Australian director Warwick Thorton is back after his highly praised film Samson & Delilah, which won the prize of best debut at Cannes and has set the trajectory of his latest film The New Boy. Thorton’s film The New Boy is about a nine-year-old Aboriginal orphan boy who arrives in the dead of night at a remote monastery run by a renegade nun. The boy’s presence interrupts the balance of spiritual and survival struggles.
Thornton talks about how he revisited the story of The New Boy and its long development process.
The story is like an old bottle of wine, it was a little bitter at the beginning and it just had to age and mature.

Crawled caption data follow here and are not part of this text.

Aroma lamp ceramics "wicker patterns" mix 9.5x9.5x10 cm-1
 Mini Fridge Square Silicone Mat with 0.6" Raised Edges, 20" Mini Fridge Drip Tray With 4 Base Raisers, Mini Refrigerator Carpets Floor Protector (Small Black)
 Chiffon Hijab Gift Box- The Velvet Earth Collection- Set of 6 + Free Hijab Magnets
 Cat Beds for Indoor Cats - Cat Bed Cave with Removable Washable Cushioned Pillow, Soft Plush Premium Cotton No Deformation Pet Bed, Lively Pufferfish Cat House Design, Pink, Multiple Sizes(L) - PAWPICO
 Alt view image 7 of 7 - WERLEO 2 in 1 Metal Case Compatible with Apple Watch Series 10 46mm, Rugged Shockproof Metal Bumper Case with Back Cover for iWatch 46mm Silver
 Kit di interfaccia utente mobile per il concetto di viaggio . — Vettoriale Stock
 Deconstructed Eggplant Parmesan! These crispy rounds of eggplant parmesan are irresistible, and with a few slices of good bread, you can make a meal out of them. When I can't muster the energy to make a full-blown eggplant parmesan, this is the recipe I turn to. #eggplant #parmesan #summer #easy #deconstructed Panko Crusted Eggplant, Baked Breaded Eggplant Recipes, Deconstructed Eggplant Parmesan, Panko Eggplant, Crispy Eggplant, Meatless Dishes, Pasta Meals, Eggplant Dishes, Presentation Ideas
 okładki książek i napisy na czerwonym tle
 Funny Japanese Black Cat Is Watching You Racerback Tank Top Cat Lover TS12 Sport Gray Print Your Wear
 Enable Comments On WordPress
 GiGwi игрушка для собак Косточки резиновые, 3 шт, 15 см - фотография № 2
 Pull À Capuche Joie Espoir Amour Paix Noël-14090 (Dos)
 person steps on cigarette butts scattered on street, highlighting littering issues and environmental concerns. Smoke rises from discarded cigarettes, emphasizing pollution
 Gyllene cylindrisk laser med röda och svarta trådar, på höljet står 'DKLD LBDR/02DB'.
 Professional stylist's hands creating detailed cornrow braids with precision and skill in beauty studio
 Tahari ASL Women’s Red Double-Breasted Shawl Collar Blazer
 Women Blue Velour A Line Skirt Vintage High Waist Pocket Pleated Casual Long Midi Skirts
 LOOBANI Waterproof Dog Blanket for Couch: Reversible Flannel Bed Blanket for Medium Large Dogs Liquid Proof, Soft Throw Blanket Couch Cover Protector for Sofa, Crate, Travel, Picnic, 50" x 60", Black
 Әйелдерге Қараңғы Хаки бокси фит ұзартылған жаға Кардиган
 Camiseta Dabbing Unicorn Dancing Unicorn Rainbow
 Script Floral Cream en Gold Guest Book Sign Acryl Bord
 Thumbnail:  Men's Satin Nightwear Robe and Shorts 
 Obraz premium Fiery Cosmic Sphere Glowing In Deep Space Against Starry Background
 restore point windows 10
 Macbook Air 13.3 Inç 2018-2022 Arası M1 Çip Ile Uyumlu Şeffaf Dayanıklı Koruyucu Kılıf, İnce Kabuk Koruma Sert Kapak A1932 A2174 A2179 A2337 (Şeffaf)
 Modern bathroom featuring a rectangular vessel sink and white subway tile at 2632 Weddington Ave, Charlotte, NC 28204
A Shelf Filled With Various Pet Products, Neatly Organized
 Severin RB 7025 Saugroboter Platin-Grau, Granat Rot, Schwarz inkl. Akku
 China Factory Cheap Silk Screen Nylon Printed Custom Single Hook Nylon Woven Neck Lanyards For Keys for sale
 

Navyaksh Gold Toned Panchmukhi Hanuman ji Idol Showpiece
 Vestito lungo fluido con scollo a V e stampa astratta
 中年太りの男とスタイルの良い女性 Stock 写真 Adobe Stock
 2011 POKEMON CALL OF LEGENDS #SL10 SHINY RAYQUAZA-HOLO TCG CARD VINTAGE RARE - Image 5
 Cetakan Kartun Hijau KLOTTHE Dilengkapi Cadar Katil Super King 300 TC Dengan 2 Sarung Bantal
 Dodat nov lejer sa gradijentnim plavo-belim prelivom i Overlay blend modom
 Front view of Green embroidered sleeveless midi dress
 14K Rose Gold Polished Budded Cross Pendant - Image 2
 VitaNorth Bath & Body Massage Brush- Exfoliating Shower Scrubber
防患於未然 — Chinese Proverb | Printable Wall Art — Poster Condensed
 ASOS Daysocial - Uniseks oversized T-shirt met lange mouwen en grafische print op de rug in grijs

Thronton wrote the script when he was young but took the time to let it mature alongside him to tell the story he wanted. Along with the new development of the script, Sister Eileen played by Cate Blanchett was added in place of the Priest. Blanchett explained how she elbowed her way into the script because she admired Thornton’s work and wanted to explore different themes together. When the pandemic hit, Blanchett took the opportunity of Zoom and had many chats with Thornton discussing the role of Sister Eileen. “Changing the gender of my character from the Priest to Sister Eileen opened up that side of the story in an interesting way,” Cate Blanchett states in an interview with Deadline.
Having Cate Blanchett take the role of Sister Eileen allowed for new themes revolving around religion and Indigenous spirituality that Warwick Thornton took the chance to explore in The New Boy.